In short, the dollar rules, to the great benefit of the U.S. Could it lose its dominion? It could. Flabby monetary policy could bring on nasty inflation, a collapse in Treasury bond prices and the dollar and a lot of economic hardship.
Two worrisome signs are a flight of private money from the dollar and negative real interest rates. Private investors are starting to move their money to China and other countries with currencies they expect to appreciate. As a result China’s foreign exchange reserves have increased rapidly while its trade surplus has begun to shrink. For real rates, compare the nominal return on short-term Treasury bills (less than 1.5%) with the rise in the consumer price index over the last year (5%). Someone sitting on cash in the form of T bills is seeing his wealth shrink (and this is before income tax is subtracted). Neither U.S. savers nor foreign central banks are willing to undertake this sacrifice forever.
Asian countries and the Gulf states are sitting on huge piles of dollars from being net exporters, and their central banks have been gathering up those dollars to maintain their link to the greenback and to keep their own money from appreciating too fast against it.
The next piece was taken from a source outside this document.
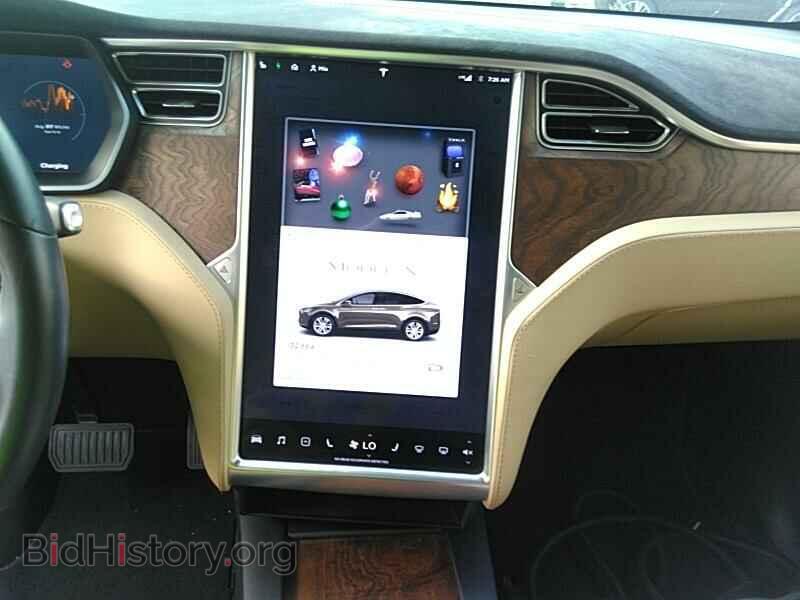 2016 Tesla Model X - VIN: 5YJXCBE22GF017549 - Фото 4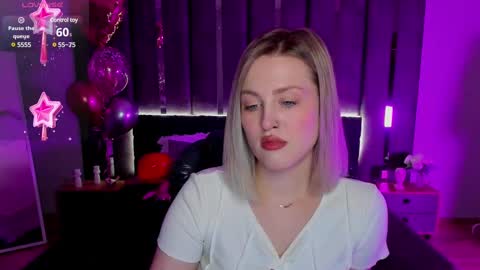 Sarah online show from March 6, 2025, 1:05 am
They invest most of those reserves in U.S. government bonds. Foreign central banks purchase roughly 80% of all the new debt issued by the U.S. government.
The Fed’s loose monetary policy and the resulting flight from the dollar have therefore paradoxically strengthened America’s credit standing, as the greenback’s weakness has induced foreign central banks to buy unwanted dollars and use them to purchase U.S. government bonds. This has drained new Treasurys from the market. Meanwhile, with the collapse of the housing bubble and the implosion of some hedge funds and special investment vehicles, private paper has gotten harder to use as collateral, so there has been a domestic flight to quality and Treasurys. All of which is why the prices of Treasurys remain elevated and their yields low.